Chegar ao fim de mais um ano e novamente não ter o que comemorar: eis a dura, trágica e histórica realidade dos povos indígenas e quilombolas deste país. Se aprovada a PEC 215/2000 promete empurrar os povos originários à literal necessidade de defesa nesta guerra milenar por seus territórios ancestrais e pela manutenção dos poucos direitos conquistados a custa de muita luta, suor e sangue. Para que fique nítido, essa PEC (Proposta de Emenda à Constituição) prevê a mudança em relação aos órgãos competentes pela homologação de territórios indígenas e quilombolas, tirando do INCRA e FUNAI a atribuição das demarcações e transferindo para a matilha do Congresso Nacional essa responsabilidade. O mesmo Congresso que age com truculência e indiretamente assassina os corpos e a cultura de nossos ancestrais. Isso significa que toda e qualquer demarcação de terras deverá passar pelas mãos sujas e corruptas da bancada ruralista para ser aprovada (ou sempre desaprovada), de maneira que os processos demarcatórios continuam totalmente parados.

Frente à judicialização e criminalização dos que fazem a luta pela terra e pela floresta, o acirramento das lutas em defesa das titulações dos territórios originários. O derramamento de sangue e as desaparições seguem sendo arquitetadas pela aliança entre latifundiários, politiqueiros e empresários que tem como único interesse o extermínio dos bens naturais para o uso privado do projeto de morte que visa apenas expandir seus lucros através do modelo colonial agroexportador (soja, minérios, carne).

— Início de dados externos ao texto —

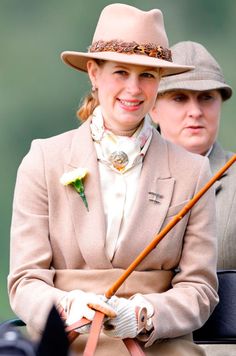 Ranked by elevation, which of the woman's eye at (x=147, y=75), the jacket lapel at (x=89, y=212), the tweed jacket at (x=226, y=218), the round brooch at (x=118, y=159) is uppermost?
the woman's eye at (x=147, y=75)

O período de falsas promessas e falácias sobre a igualdade das urnas e votos passou; falácias sobre o socialismo elitista que não geram ilusões na maioria da população. É preciso fortalecer nossas ações na perspectiva do Poder Popular, rompendo o cerco do isolamento que sofrem nossos territórios através da solidariedade, da denúncia, da informação e atuação permanente junto ao nosso povo. Se os ataques feitos aos povos originários são feitos pelas mãos dos de cima, o que resta a nós os DE BAIXO é fechar o punho e resistir ombro a ombro lutando em defesa dos territórios, dos bens naturais e das culturas ancestrais.

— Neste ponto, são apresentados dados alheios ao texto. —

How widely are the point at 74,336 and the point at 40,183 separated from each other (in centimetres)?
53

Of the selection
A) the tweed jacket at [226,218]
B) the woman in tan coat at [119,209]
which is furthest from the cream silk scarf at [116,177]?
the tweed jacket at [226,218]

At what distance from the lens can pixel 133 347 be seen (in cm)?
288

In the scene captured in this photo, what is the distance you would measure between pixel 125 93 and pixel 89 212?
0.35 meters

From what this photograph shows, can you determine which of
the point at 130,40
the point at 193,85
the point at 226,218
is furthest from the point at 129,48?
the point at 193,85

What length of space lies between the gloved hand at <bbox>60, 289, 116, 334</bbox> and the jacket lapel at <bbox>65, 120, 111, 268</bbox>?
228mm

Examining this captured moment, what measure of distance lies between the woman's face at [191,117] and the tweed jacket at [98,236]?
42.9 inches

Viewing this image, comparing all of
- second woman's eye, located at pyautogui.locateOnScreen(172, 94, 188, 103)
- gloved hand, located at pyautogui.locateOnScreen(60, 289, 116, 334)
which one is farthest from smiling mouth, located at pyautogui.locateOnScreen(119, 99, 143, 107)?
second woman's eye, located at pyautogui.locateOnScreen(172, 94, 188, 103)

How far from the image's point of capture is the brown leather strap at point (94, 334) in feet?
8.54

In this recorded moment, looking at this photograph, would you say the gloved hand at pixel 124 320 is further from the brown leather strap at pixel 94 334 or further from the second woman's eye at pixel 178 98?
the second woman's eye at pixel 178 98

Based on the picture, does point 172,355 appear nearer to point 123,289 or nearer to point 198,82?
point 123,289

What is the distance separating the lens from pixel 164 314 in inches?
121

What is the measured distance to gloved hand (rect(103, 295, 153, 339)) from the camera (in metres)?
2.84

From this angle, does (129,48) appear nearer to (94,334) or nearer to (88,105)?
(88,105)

Em todas as comunidades do campo, cidade e floresta há a permanente necessidade de criar e organizar novas formas de resistência, seja combatendo o avanço das plantações com veneno ou enfrentando a especulação imobiliária. A força das Jornadas de Luta não ficou restrita a junho. Ganhou visibilidade e solidariedade de muitas partes do mundo e o espaço que tomou no imaginário social gerando noções sobre a capacidade de auto-gestão, de luta permanente, de descrença no sistema e de confiança nos movimentos sociais como geradores do poder necessário para as reais conquistas, é o que pode possibilitar avançarmos para um modelo de sociedade que a vida tenha real valoração.

Continuar a luta dos pobres do campo, da cidade e da floresta.

Pela demarcação, titulação e defesa dos territórios indígenas e quilombolas!

Contra a PEC 215/200.

QUANDO OS DE BAIXO SE MOVEM, OS DE CIMA CAEM!